On Thu, 2 Nov 2006, [ISO-8859-15] Bernhard Fr?hmesser wrote:
> I have recorded a really old Video from a VHS Tape (recorded about 25
> years ago).
With a tape that old I'm almost positive you'll need to do some
color correction. Maybe PAL tapes age differently than NTSC but
my experience has been that tapes more than a few years old need
correction.
> The video is in really bad condition, and i have been playing around
> with the mjpegtools to improve quality but nothing was really satisfying.
It also appears that the tape was either damaged OR the VHS deck's
heads scratched the tape.
> So far i played around and tested a bit with yuvmedianfilter, yuvdenoise
> y4munsharp.
sharpening is almost never a good idea with poor quality or noisy
video. The sharpening (edge enhancement) emphasizes the noise and
makes the picture look worse than before.

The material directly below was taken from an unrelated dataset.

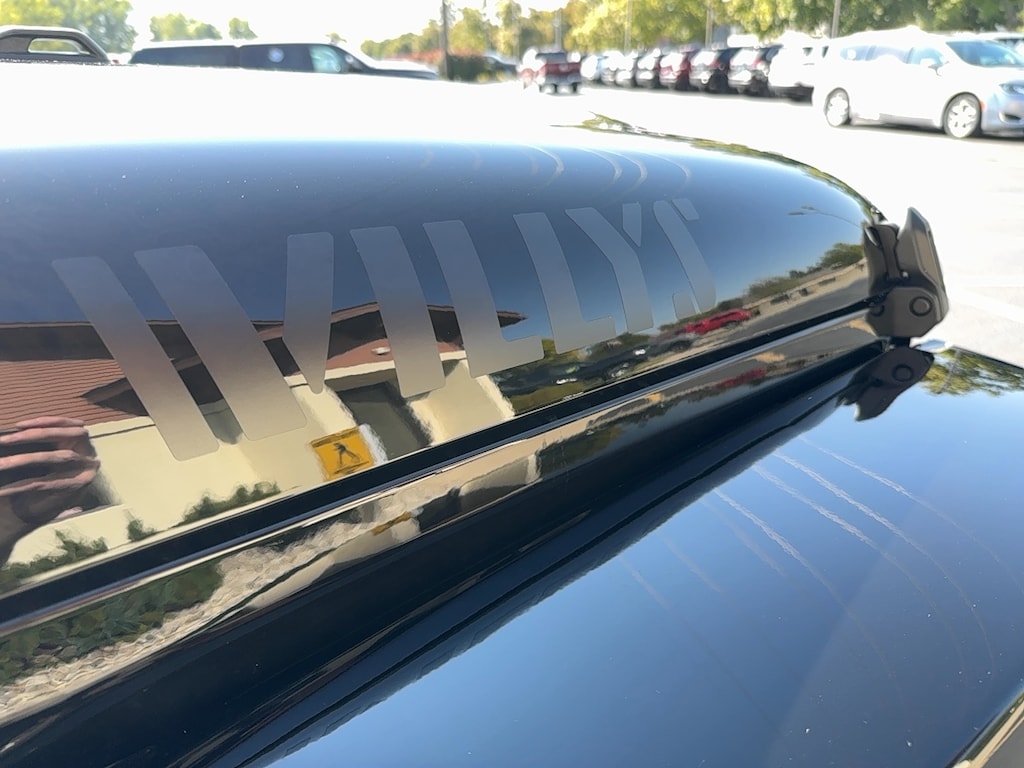 New 2025 Jeep Gladiator WILLYS 4X4 Pickup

medianfiltering the chroma only, then using yuvdenoise with moderately
high thresholds (-t 6,10,10 and perhaps even add -m 4,8,8) will help
with the noise but there's not a lot to be done about the scratches
or lines.
> I have two pictures from the source online, they are available at:...
> You can see black lines (first picture) and white lines (second ...
> Is it possible to remove or reduce these lines and do an
> overall image improvement for the whole video.
That type of damage is not "noise" so the tools you've been trying
to use will not be effective. Yes, you could blur the lines out of
existence but that would remove almost all the picture detail as well.
You're going to need to go frame by frame with something like
Photoshop (or the GIMP?) and fix the damaged area with a small (just
a couple pixels whide) brush/pencil. I think the 'healing' tool in
Photoshop would work well but the 'clone stamp' could do nicely as
well. Probably want to de-interlace the video first though,
dealing with interlaced data in graphic tools is difficult.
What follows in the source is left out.